Ironstone Vineyards is a winery that is noted for the production of several U.S. wine brands, including Obsession Wines, Leaping Horse Vineyards, Christine Andrew, Stone Valley, and Drifting. As of 2004, Ironstone has been listed as the 17th-largest winery (in terms of cases sold) in the United States. Ironstone also sells significant amounts of wine in international markets including the United Kingdom, Canada, and 40 other countries.

==Lodi Grape Growers==
In addition to vineyards in the Sierra Foothills, Ironstone draws on the production from its Lodi appellation vineyards—some 7000 acre in all. John and Gail Kautz, founders of Ironstone, were the first to plant Chardonnay and other grape varieties in the Lodi area. The Kautz family grows numerous varieties including Cabernet Franc, Symphony, Cabernet Sauvignon, and Merlot. Ironstone Vineyards is a family-run business where apart from the husband-wife duo, John and Gail Kautz, their sons Kurt Kautz is the chief financial officer and Jack Kautz is the director.
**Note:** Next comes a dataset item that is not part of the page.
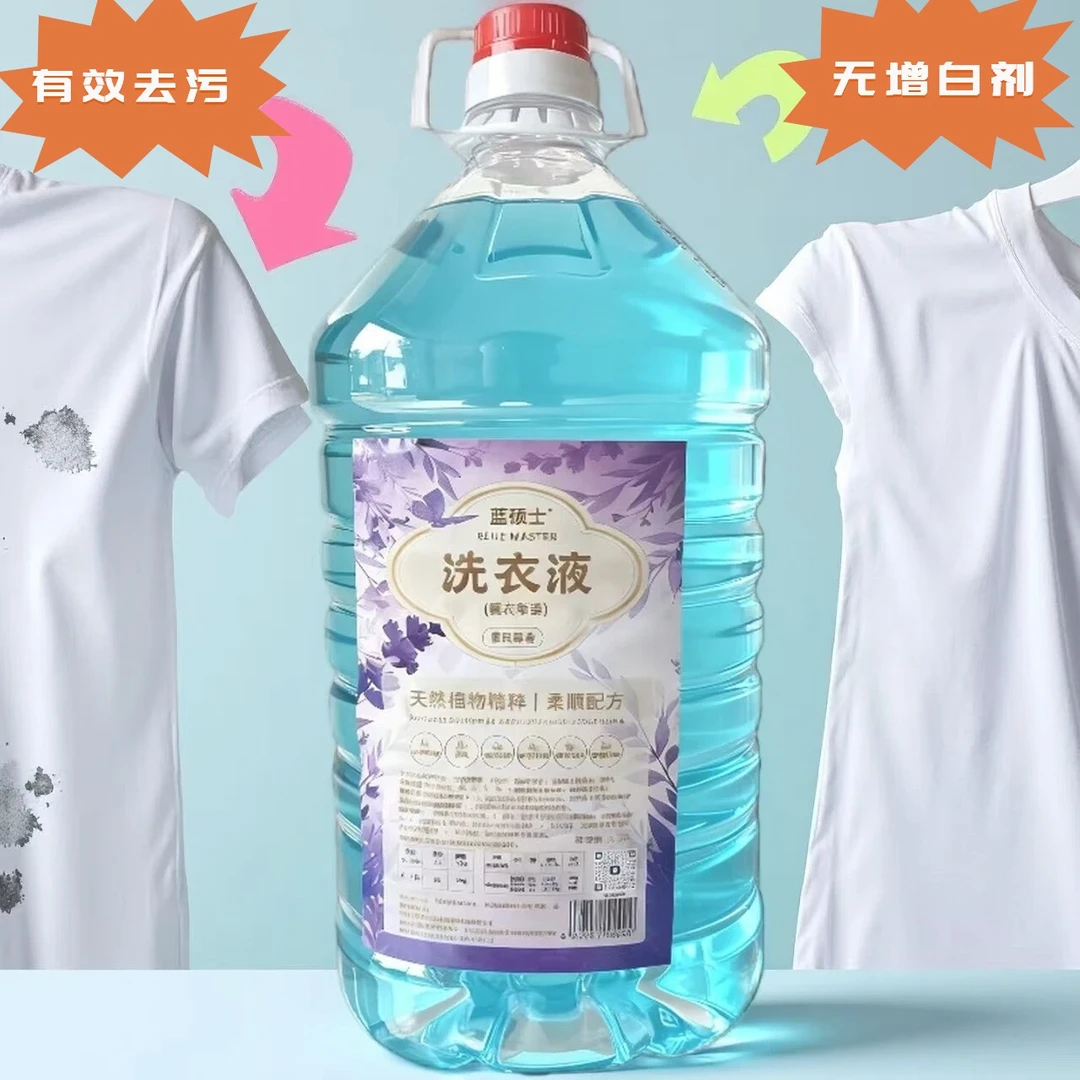 天然香氛洗衣液强力去污持久留香4.6升大桶实惠装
The family's Bear Creek Winery, founded in 1934, is listed as having 8.2 million gallons of capacity, making it the 24th largest winery in the U.S. Recent capacity expansions have increased this to an estimated 12 million gallons, making it around the 20th largest winery in the U.S. Jack Kautz, who is also the founder of CrossFit Lodi, is a partner at Bear Creek Winery and is responsible for marketing the family's wines throughout the United States.

In 2015, Jack appealed to the Calaveras County Planning Commission to block the construction of the Verizon tower, a mile from the winery. In the same year, Ironstone Vineyards owners, John and Jack Kautz, donated $25,000 to The Murphys Fire Protection Service.

==Visitors' center and amphitheater==

The Ironstone facility is located in Calaveras County, just outside Murphys, California. The seven-story building is built in the shape of a gold stamp mill. The largest specimen of crystalline gold in existence is on display in the Jewelry Shoppe. It is a 44 lbs troy (16.4 kg) gold specimen known as Ironstone's Crown Jewel.

Yearly events include the Obsession Weekend, when new wine is released, and a multi-county judged daffodil show held in March, as well as the Coucours d' Elegance car show, a fund-raiser for California youth agriculture programs held in September.

Ironstone puts on annual concerts and in the past has featured acts such as the Russian National Orchestra, Dave Koz, Robert Cray, and Michael McDonald.